While it isn’t entirely apparent unless you grab a checklist, Thomas also has a meaningful talent for textual wordplay, as found in the titles of his pictures. His phrases are full of acidic irony and witty punning, adding a layer of archly knowing commentary on top of the visuals themselves. Some even have an echo of Barbara Kruger’s incisive shouts and remarks – “Save his life and find your own”, “Blow it in her face and she’ll follow you anywhere”, “But she has other important uses as well”, “Firmness that feels good”, “Walk like a man”, “Just ripe enough”, and “This guy’s the limit”. The titles are like inside jokes that may or may not be entirely playful, like tiny jaded haikus that pointedly expose the absurdities Thomas is interested in revealing.
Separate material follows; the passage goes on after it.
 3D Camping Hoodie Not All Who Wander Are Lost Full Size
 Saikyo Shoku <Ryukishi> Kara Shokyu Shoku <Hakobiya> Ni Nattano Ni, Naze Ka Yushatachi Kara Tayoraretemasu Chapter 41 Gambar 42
Seen together as one progression and as a contrast to Thomas’ previous project on the changing portrayal of African Americans in advertising, the White Women images provide a thought-provoking historical timeline of how women’s roles have been transformed over the past century – it’s a comprehensive visual history lesson, packing an enormous punch. What I like best is the sense of nuanced intelligence that pervades each and every picture – each one can be the starting point for a discussion or debate, each one an example that can lead to a myriad of complicated ideas and questions about both gender and race. Even in a world awash in imagery, Thomas’ artworks force us to rediscover the very real cultural power being wielded and delivered by advertising – there are durable markers and barriers buried under that seemingly benign surface, and his brilliantly cutting pictures shine fresh light on something we thought we already knew.

Collector’s POV: The prints on view in this show are priced at $15000 each. Surprisingly, Hank Willis Thomas’ work has very little secondary market history. As a result, gallery retail remains the best option for those collectors interested in following up.